An economist, Mr. Henry Boyo, said the study had shown clearly that the cost of governance in Nigeria is very high.

Boyo, who noted that the cost of governance was predicated on the provisions of the Constitution, said it was high time Nigerians cried against the bloated cost of governance.

He said, “Our legislators’ actions or salaries are actually accommodated by the Constitution. In the past, we had less money and we had enough as a country. People are asking for a change of Constitution.

“It is unfortunate that it is the people who will do it that are the ones in charge. The legislators will not vote against themselves.”
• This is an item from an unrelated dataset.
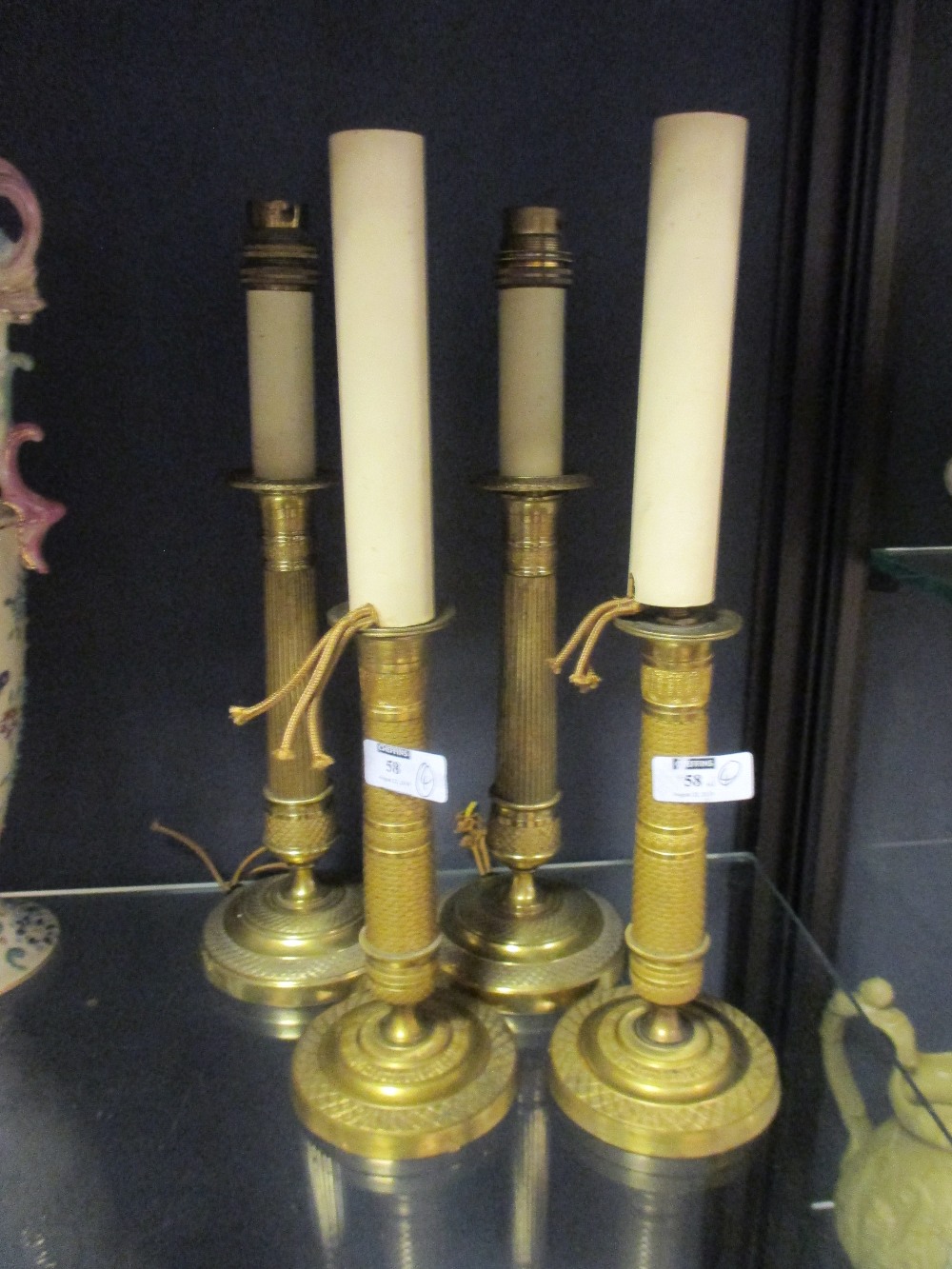 Two matched pairs of Empire candlesticks - for electricity (4)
The Chairman, Nigerian Bar Association, Ikeja Branch, Mr. Monday Ubani, said the legislators had created “a big hole” in the nation’s treasury.
Ubani said, “This is a fact already and well known to Nigerians and the world. It is not a new story. What is baffling is that their legislative output is not commensurate to the amount of salaries and allowances they are earning.

“Take for instance, the ongoing constitution amendment. Their propositions and submissions on almost all the important clauses are at variance with that of the sovereign Nigerians. Both Houses have created a big hole on our national treasury.”

On his part, human rights lawyer, Mr. Bamidele Aturu, lamented the wide disparity between the earnings of the citizens and their legislators, who according to him, are the idlest, yet earn the most in the world.
“We are running a parody of democracy in this country. It is a democracy for the rich. The people are getting poorer for building a nation, while the politicians are getting richer for doing nothing. Those who are not creating wealth in the country are sitting on the wealth of the people, and those who are creating the wealth, the workers, are being paid peanuts.

“Can you imagine there is still a raging and scandalous debate among some governors on whether or not to pay N18,000 minimum wage? Yet we are in a nation where the idlest legislators are being paid the highest in the world.”